第94章 抗うもの
今は遠い島で穏やかに暮らしているだろうとある発明家の娘と父を思い出しながら、水琴は冷静になった頭を下げた。
「ごめん、エース」
「……おれも、かっとなって悪かった」
「じゃあ仲直りだな!」
満足そうに笑うルフィに敵わないなと舌を巻きつつ、水琴はそれでね、と思いついたことを口にする。
「さっきの作戦。エースとルフィがこのままブルージャムの一味と行動するのは分かった。だけど探るのは私に任せてほしい」
ブルージャムだってサボの件から二人の行動には特に気を配っているはずだ。
まさか自分の懐を探ろうとしているとは思っていないかもしれないが、下手に動けばどう出るか分からない。

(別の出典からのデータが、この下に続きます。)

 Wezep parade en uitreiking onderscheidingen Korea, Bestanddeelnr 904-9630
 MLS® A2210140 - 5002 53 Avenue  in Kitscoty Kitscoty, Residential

「二人はブルージャムの気を引き付けておいてほしい。私はその間にブルージャムが何を企んでるのか探るから」
「そうだな。確かにその方が良さそうだ。正直あいつらの監視を掻い潜るのは骨が折れそうだからな」
「途中様子を見に行くから、何か気付いたことがあったら教えてね」
「分かった!」
それと、と水琴は明日に備え寝床に戻ろうとした二人をそっと引き留める。
「お願いだから。
__絶対、命を粗末にはしないで」
霧の中に潜む記憶が警鐘を鳴らす。
それが何に対してかは分からない。
だがその記憶が水琴にとって良くないものだということだけはなんとなく分かった。
水琴の言い様に何かを感じたのか、二人は静かに分かったとだけ返す。
これ以上は明日に差し障る。水琴は二人に別れを告げ窓から空へ身を投げた。
遠い向こうに暗く沈む海と波で揺らめく月明かりが見える。
モビーディックの甲板から見る夜の海はあんなに神秘的だったのに、なぜ今はこんなにも恐ろしく感じるのだろう。
全てを呑み込もうとする闇から目を逸らし、水琴もまた家路を急いだ。